THE OLD BOYS: The American Elite and the Origins of the CIA

By

Pub Date: March 16th, 1992
Publisher: Scribners

A sprawling chronicle that details how a clutch of Ivy-educated Wall Street attorneys and their associates--the ""Old Boy network""--created the Central Intelligence Agency and influenced the formative decades of the cold war. Hersh (The Mellon Family, 1978, etc.) has performed a prodigious job of research, conducting more than 100 interviews and burrowing through mounds of archives and declassified documents.

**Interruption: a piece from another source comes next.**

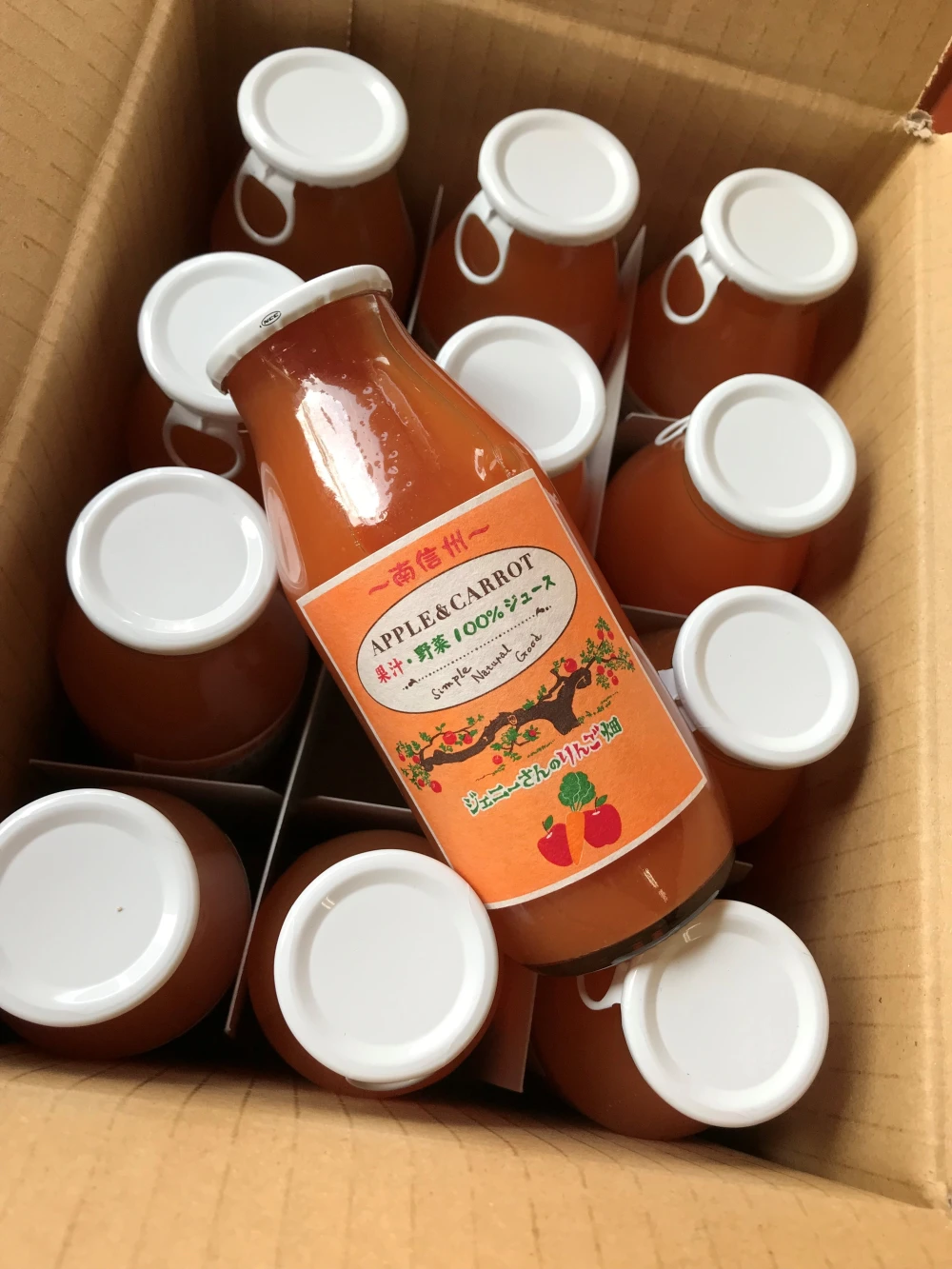 APPLE CARROT JUICE  180ml x 12個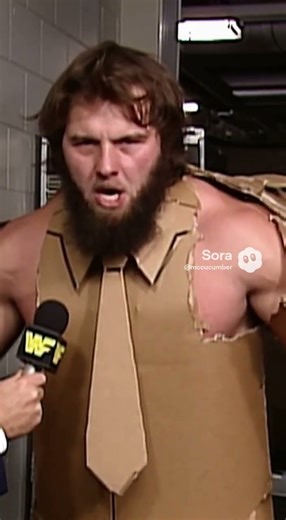 Cardboard Suit Wrestler Opens Saturday Night's Main Event (behind scene outtakes 1980s WWF gimmicks)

His narrative runs from the 1919 Versailles conference, where the young Dulles brothers observed uncle Robert Lansing, Woodrow Wilson's secretary of state, to the Bay of Pigs operation and the frustrating retirement years of its principals. Six men occupy the foreground here: sanctimonious John Foster Dulles and his hedonistic younger brother Allen, who before their heyday as Eisenhower cold warriors were well-heeled corporate lawyers who ran interference for German firms instrumental in the Nazis' prewar rearmament; legendary OSS chief ""Wild Bill"" Donovan; Frank Wisner, ultimately CIA operations chief; New Deal diplomat William C. Bullitt; and Carmel Offie, the dandyish assistant to Bullitt and Wisher and a master of diplomatic sleight-of-hand. Hersh hopes to show how these latter-day Wilsonian ""global salvationists,"" aching to roll back the Communist menace, forged an intelligence apparatus intoxicated with the black arts of covert activities--loosely supervised, often amateurish, sometimes harebrained. He sheds light on the frantic wartime operations of Allen Dulles and Wisher in Europe, as well as on how much the Americans benefited from the bulging Soviet files of ex-Nazi intelligence chief Reinhard Gehlen. Yet time and again, Hersh projects his insouciance until it begins to grate (e.g., George Kennan was a ""brilliant, mavericky, neurasthenic cheese-parer""). Dulles & Co. deserve a more straightforward treatment than this arch account that bites off more than it can chew.